Actions and Activities
Hunter College and The Center for Humanities at the CUNY Graduate Center are partnering on a new $150,000 Mellon-funded initiative— The CUNY Climate Assembly Project (CCAP) on Waste at Hunter College.
From Spring 2026 - Spring 2027, CCAP will gather a broadly representative group of Hunter students to learn, deliberate, and democratically develop waste management strategies for vertical urban campuses, like Hunter. During Spring 2026, 30-45 students will convene for five full days and four 2-hour workshops to learn from a diverse range of experts, weigh the opportunities and challenges of various waste management solutions, and collectively generate evidence-based recommendations for the campus community. Students in the assembly will receive a $750 honorarium for their participation. Students and faculty outside the assembly will engage through classroom curriculum, public forums, and other events and programs. In Fall 2026 and Spring 2027, 9-12 post-assembly fellows will work with campus leadership to review any subsequent learning, planning, adaptation, and/or
implementation of the recommendations. Climate Assemblies are an innovative method for civic problem-solving, with over 700 examples worldwide, but Hunter College will lead the nation as the first university-convened climate assembly in the US. Hunter will serve as a model, expanding universities as true schools for democracy, equipping the next generation of civic leaders with skills in facilitation, constructive dialogue, and democratic problem-solving
Waste management is challenging because it requires everyone’s involvement to be successful. While administrators can devise policies to meet these goals, they will only be effective if students, faculty, and staff can execute them. Meeting our waste reduction goals requires an all-hands-on-deck effort– individual behavior change, updating organizational practices, and shifting campus culture will require adaptation to how campuses operate. Without meaningful input and ownership from the Hunter community, even well-designed waste systems risk unforeseen adaptation and implementation barriers.

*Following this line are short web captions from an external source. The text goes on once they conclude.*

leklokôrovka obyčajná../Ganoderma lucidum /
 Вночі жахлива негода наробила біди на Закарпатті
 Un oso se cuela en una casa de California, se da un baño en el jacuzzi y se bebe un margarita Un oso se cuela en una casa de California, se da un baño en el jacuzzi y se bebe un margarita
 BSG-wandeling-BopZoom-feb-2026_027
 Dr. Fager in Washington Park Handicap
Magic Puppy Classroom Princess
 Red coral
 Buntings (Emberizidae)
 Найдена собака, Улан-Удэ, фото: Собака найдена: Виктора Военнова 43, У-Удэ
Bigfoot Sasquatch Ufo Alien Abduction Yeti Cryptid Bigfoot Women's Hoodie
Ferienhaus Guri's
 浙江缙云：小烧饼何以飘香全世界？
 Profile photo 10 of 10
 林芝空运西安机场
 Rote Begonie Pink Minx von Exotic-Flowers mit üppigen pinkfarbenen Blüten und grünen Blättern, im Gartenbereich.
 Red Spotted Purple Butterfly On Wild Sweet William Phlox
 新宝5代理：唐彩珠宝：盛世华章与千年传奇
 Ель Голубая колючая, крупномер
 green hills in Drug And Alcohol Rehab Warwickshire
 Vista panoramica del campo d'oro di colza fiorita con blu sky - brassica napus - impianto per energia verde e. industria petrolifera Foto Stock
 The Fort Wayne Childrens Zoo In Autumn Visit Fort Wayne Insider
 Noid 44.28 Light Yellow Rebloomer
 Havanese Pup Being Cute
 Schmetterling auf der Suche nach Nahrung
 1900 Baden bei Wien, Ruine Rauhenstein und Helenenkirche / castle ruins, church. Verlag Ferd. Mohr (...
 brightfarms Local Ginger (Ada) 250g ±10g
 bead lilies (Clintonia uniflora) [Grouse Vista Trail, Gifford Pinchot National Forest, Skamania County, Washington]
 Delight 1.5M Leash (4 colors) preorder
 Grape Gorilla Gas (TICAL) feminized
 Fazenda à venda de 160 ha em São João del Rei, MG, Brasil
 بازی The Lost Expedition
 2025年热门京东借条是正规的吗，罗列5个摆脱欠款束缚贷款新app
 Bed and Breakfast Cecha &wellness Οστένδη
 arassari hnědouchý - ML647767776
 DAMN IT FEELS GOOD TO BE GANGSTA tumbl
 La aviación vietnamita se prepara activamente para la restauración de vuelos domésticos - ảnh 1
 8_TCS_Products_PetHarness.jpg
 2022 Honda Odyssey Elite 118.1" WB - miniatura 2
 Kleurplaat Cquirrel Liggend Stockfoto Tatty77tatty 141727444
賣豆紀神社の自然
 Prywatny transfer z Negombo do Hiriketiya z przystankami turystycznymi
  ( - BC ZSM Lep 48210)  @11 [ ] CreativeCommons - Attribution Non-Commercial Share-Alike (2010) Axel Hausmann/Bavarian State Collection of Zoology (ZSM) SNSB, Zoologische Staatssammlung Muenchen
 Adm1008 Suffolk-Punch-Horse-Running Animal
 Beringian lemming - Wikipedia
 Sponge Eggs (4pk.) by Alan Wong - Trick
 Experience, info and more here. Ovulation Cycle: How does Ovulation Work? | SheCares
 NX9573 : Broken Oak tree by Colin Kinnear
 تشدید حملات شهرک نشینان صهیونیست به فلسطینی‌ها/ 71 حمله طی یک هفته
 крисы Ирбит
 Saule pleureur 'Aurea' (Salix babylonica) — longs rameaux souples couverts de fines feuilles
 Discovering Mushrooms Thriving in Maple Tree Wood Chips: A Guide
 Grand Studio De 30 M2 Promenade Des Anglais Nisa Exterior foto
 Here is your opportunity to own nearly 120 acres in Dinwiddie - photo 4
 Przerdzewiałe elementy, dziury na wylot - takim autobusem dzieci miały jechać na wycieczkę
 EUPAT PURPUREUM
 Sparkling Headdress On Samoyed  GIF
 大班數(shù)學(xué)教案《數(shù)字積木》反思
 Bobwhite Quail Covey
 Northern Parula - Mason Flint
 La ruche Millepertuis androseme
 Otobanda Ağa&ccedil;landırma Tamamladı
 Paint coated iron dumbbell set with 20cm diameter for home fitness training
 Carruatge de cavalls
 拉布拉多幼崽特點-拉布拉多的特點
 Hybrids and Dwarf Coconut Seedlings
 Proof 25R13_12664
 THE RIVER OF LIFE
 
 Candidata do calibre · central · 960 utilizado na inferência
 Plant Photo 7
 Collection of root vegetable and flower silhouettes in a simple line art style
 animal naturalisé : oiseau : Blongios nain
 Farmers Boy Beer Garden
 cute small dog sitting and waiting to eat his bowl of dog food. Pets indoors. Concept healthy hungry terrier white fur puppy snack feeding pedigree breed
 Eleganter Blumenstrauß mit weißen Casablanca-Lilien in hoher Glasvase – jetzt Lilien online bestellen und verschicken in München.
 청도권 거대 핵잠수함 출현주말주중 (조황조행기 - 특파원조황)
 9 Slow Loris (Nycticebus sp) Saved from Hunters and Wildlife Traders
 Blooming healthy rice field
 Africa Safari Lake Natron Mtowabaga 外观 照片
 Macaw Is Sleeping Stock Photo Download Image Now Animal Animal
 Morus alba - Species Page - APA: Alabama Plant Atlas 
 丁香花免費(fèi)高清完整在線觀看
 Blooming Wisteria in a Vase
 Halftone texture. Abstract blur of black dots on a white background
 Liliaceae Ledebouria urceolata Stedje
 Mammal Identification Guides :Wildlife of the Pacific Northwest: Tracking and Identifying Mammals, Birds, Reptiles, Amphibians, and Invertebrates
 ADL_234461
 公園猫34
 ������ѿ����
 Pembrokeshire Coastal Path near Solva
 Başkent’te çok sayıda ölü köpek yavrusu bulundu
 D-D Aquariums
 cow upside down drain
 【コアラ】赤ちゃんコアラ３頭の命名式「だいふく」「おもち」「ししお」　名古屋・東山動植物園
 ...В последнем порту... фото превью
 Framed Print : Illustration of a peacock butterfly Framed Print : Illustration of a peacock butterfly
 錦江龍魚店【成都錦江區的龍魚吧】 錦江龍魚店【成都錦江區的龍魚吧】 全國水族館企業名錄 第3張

State Executive Order 22 requires all public entities, including CUNY, to develop waste diversion plans. From a student perspective, what incentives, structures, and systems would facilitate more effective waste management at vertical urban campuses, like Hunter College?
December 2025 - February 2026: A Civic Lottery will select 30-45 students to be a part of the assembly, ensuring Hunter’s unique demographic and social diversity is represented. Students will be provided a $750 honorarium for participating. Special accommodations, such as childcare, elderly care, or language translation, can be supported on a case-by-case basis.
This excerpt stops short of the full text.